With the above method, the respective timing value corresponding to each node in the cluster is recorded in the scheduling cache, and the global timing value is recorded in the historical scheduling snapshot, so that at each snapshot update, incremental update is performed by selecting the node information corresponding to the node whose timing value is greater than the global timing value. This can not only improve the update efficiency of the scheduling snapshot, but also reduce the calculation loss, so that the cluster scheduler can ensure efficient and stable running in the large-scale cluster and effectively improve the scheduling throughput of the cluster scheduler.

The process of snapshot update from the scheduling cache to the scheduling snapshot performed by the cluster is described below with embodiments.

Exemplarily, as shown in FIG. 2, it is assumed that during the previous scheduling process, node information of Node 1 to Node 5 in the scheduling cache has been updated to the scheduling snapshot. When the scheduling process of the current round is initiated, node information of Node 1 and Node 3 in the scheduling cache is updated, node information of Node 5 is deleted, and node information of Node 6 is added.

It should be understood that without special maintenance, it is difficult to perceive what changes have occurred in the node information in the scheduling cache compared with the node information in the scheduling snapshot at a certain time, unless all node information in the scheduling cache and the scheduling snapshot is traversed and compared, where the node changes include node addition, node update, node deletion, etc., which is not limited by the present disclosure.

Therefore, a specific timing may be assigned to each node, and the cluster nodes in the scheduling cache may be maintained in the timing order (such as a descending order of timing).

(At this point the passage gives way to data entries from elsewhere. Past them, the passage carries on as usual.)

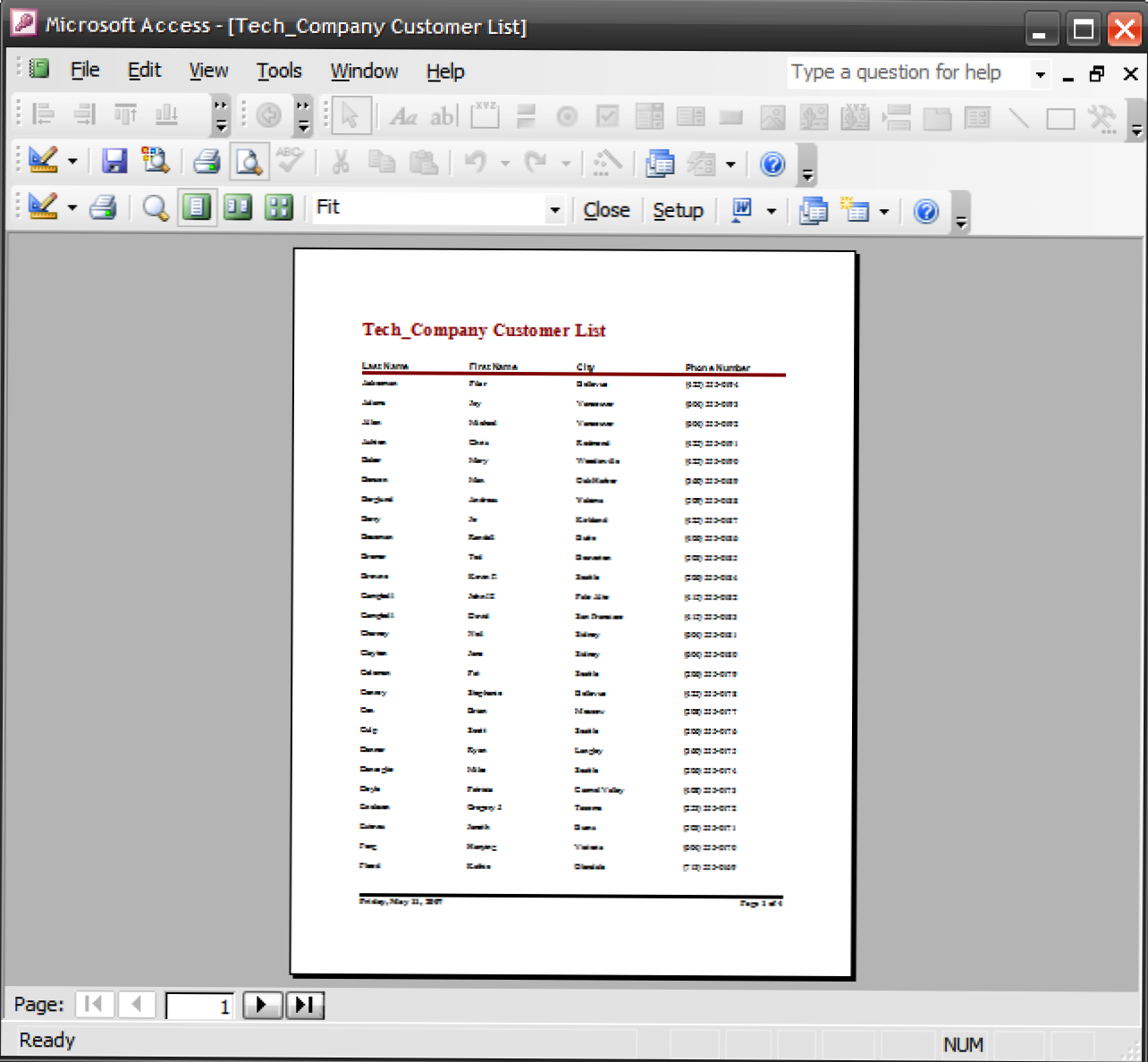 Ekspor Laporan Access 2003 Ke Spreadsheet Excel (Bagaimana caranya)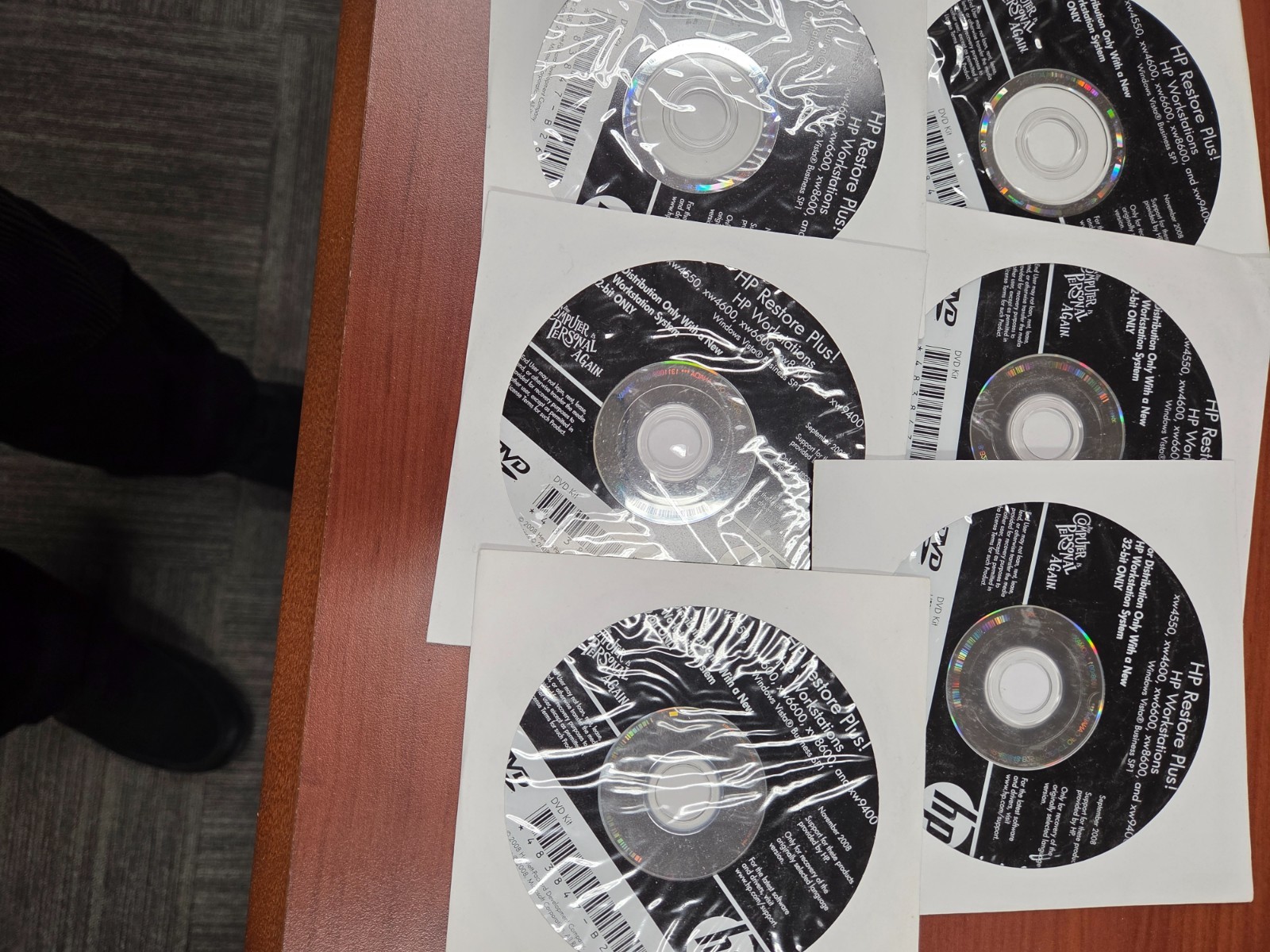7X HP Restore Plus! Windows Vista Business SP1 DVD Kit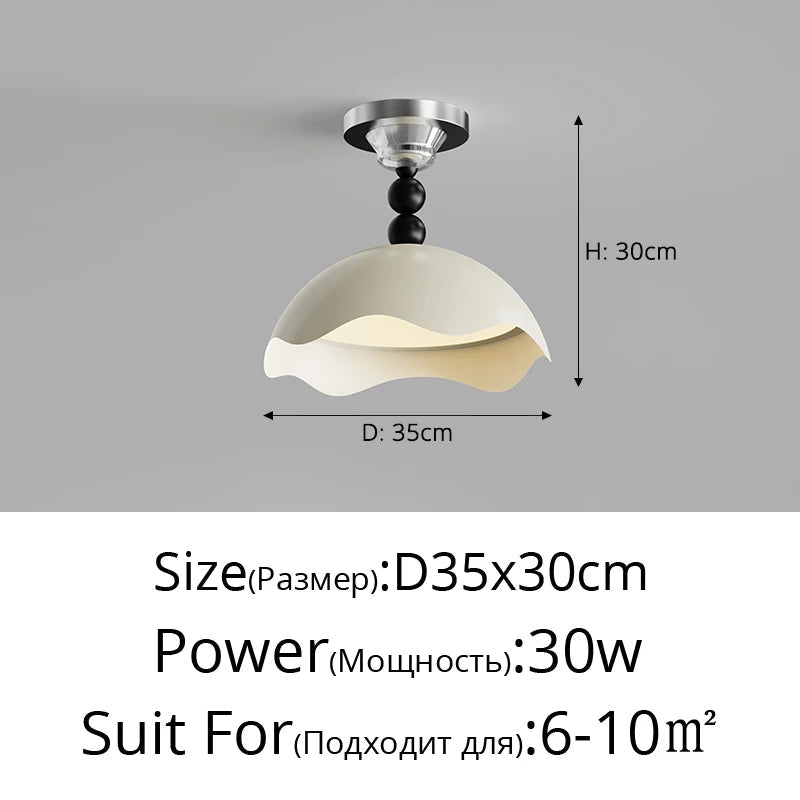 plafonnier girly en coquille d'œuf créatif haut de gamme pour chambre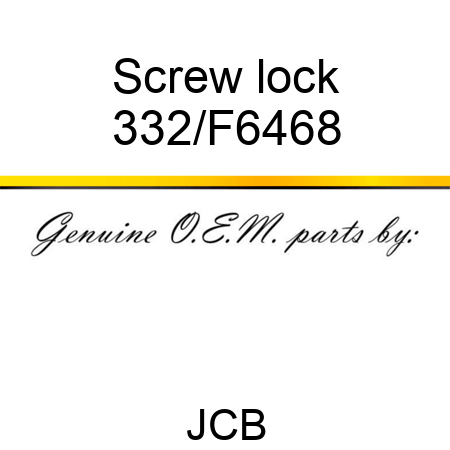 Screw lock 332/F6468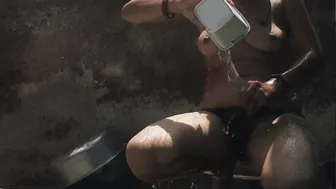 Stepbrother Spies On His Mamaji's Stepdaughter Bathing Naked Outside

For example, the cluster nodes and their corresponding timing values may be maintained in the form of a list, for example, may be stored in a double-linked list structure, which may be specifically set according to requirements and is not limited by the present disclosure.

It should be noted that different timing values may be assigned to different nodes according to change times, or the same timing value may be assigned to a node that changes within a continuous period of time, as long as timing values corresponding to nodes that change in different rounds of scheduling processes are different.

Exemplarily, the scheduling snapshot may record a timing value corresponding to a latest changed node in the cluster nodes scheduled this time, that is, the global timing value, as a reference for snapshot update in the next scheduling after each snapshot update. In this way, in the next scheduling, node information corresponding to all nodes whose timing values are greater than the global timing value in the scheduling cache is incremental information for the scheduling snapshot. The timing value corresponding to each node does not need to be stored in the scheduling snapshot, thereby avoiding waste of storage resources.

As shown in FIG. 3, not all nodes in the scheduling cache have changed between two schedules. Therefore, the changed nodes may be identified, and then the historical scheduling snapshot of the previous scheduling may be overwritten with node information of these nodes in an incremental synchronization manner, so as to meet the requirement of snapshot update. Therefore, all nodes may be maintained in the scheduling cache in the order of occurrence of node changes, and the global timing value of each scheduling is recorded in the scheduling snapshot as a reference value. Then, the timing values corresponding to the nodes that change subsequently will be greater than the reference value, thereby implementing the incremental update of the scheduling snapshot.

Exemplarily, continuing to refer to FIG. 3, the updated Node 1 and Node 3 and the newly added Node 6 will be assigned new timing values. Therefore, it is easy to perceive which nodes in the cluster are newly added nodes or updated nodes, and the snapshot information corresponding to the newly added or updated nodes may be directly incrementally updated.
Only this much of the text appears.